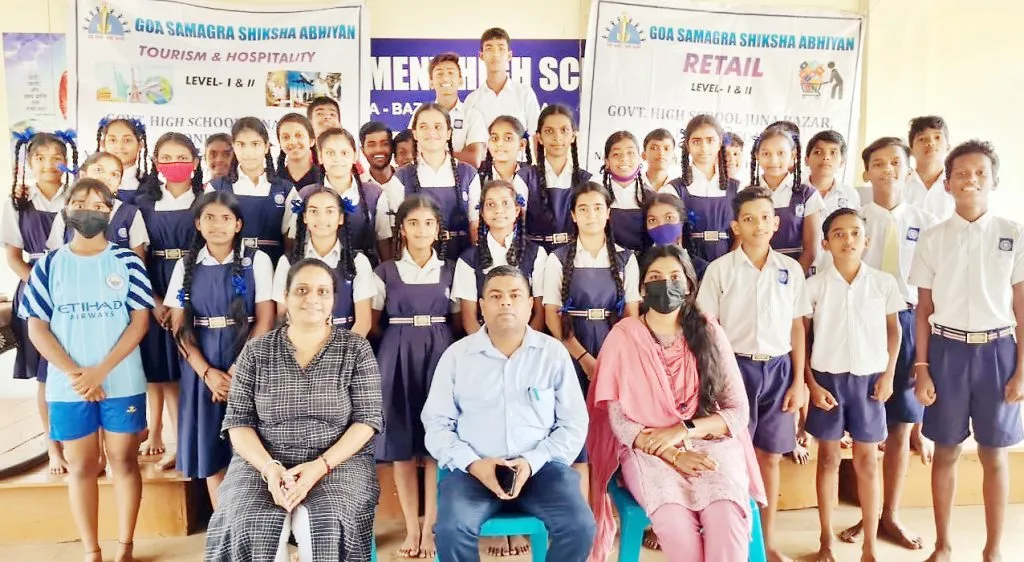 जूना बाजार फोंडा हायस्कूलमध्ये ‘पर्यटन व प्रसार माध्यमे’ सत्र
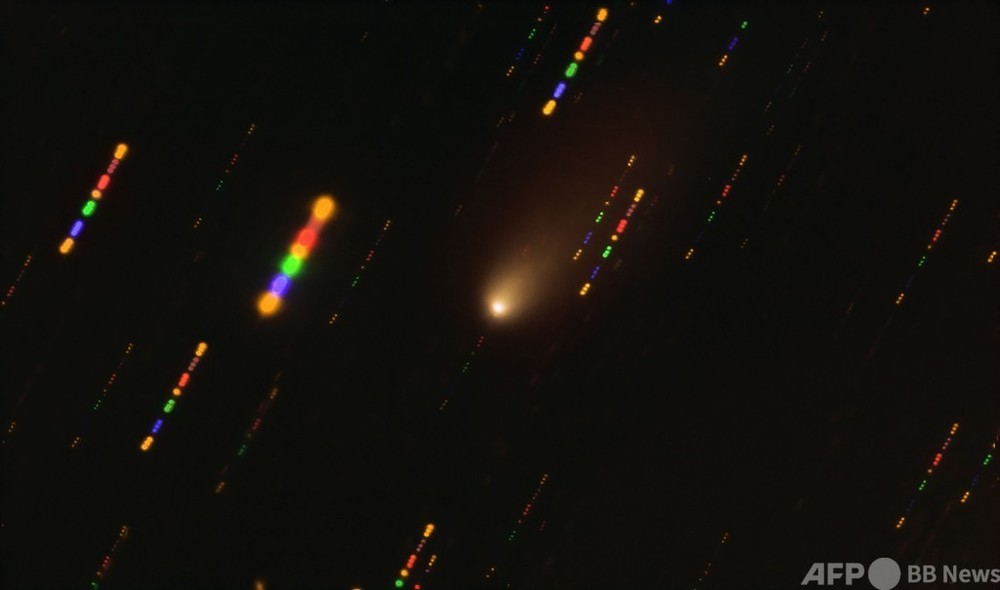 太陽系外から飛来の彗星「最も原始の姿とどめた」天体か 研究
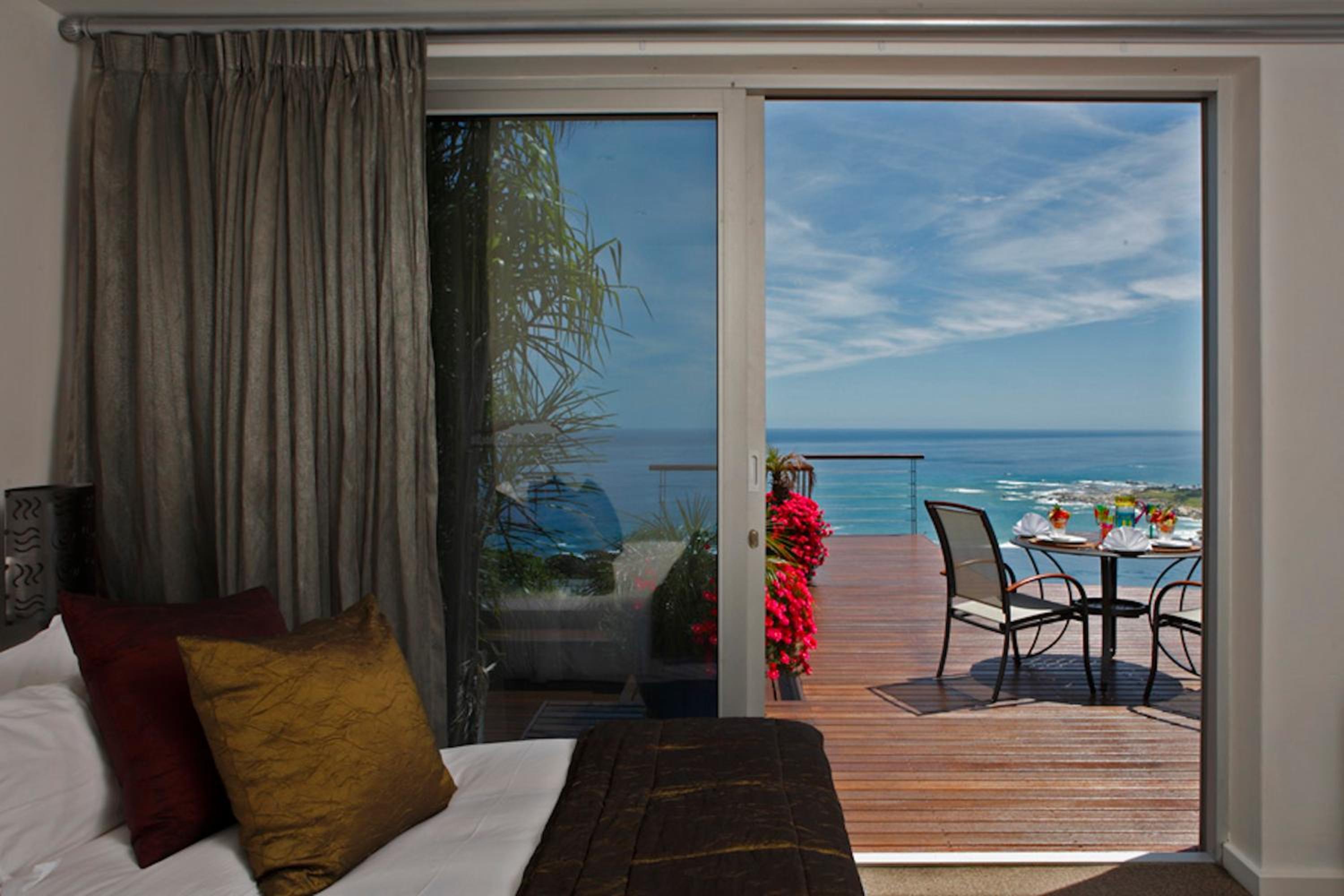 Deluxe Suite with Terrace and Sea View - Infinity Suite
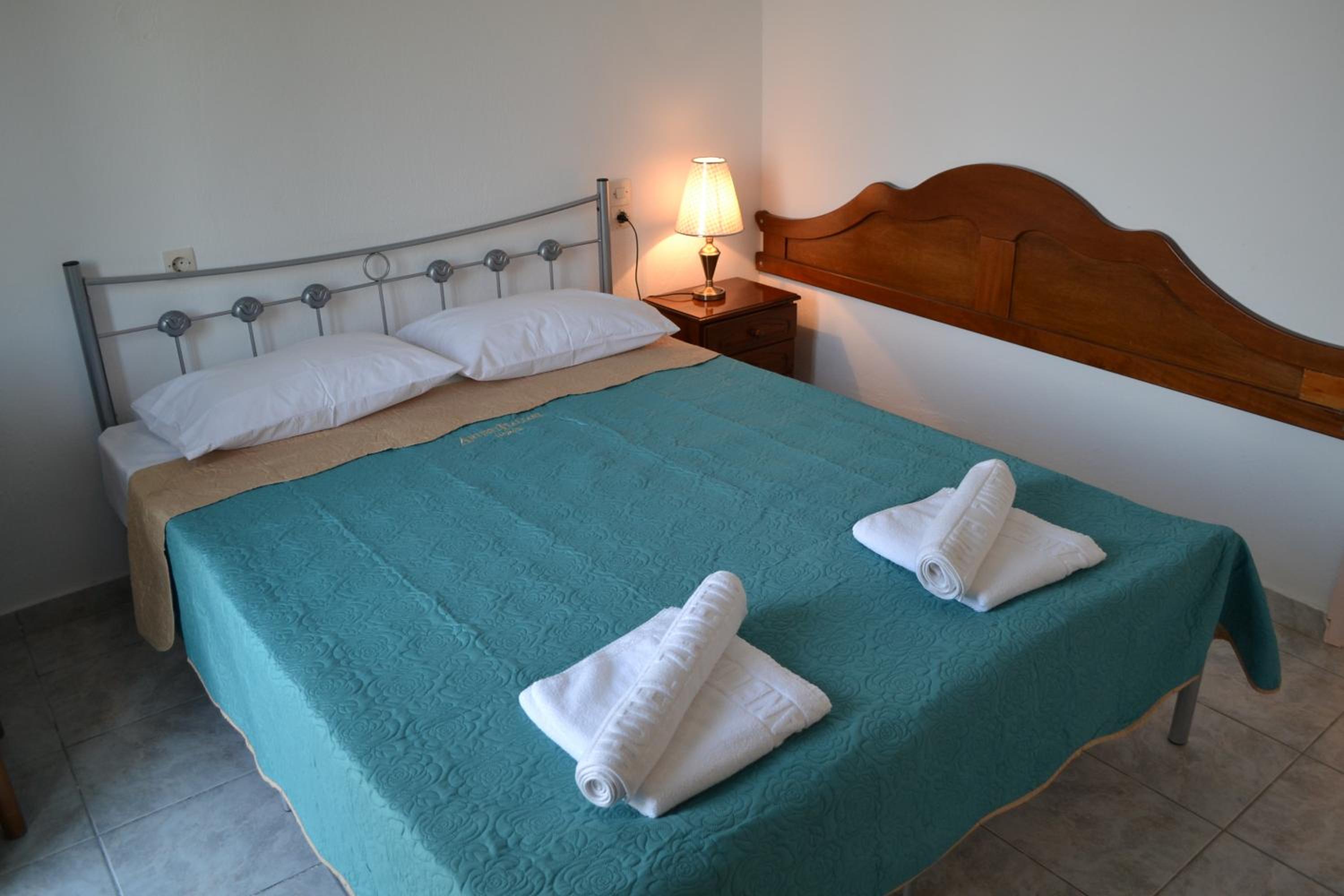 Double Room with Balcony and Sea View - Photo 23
┄┄┄┄┄┄
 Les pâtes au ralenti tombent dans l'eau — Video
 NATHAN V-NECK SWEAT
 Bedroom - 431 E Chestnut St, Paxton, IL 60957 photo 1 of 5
┄┄┄┄┄┄
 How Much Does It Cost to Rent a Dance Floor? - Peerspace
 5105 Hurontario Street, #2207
┄┄┄┄┄┄
> [Exercise directions]:
Using the material above, reproduce only the lines that run from the line with "जूना बाजार फोंडा" up to and including the line with "Double Room with", exactly, with the pictures dropped.

> [Problem solution]:
 जूना बाजार फोंडा हायस्कूलमध्ये ‘पर्यटन व प्रसार माध्यमे’ सत्र
 太陽系外から飛来の彗星「最も原始の姿とどめた」天体か 研究
 Deluxe Suite with Terrace and Sea View - Infinity Suite
 Double Room with Balcony and Sea View - Photo 23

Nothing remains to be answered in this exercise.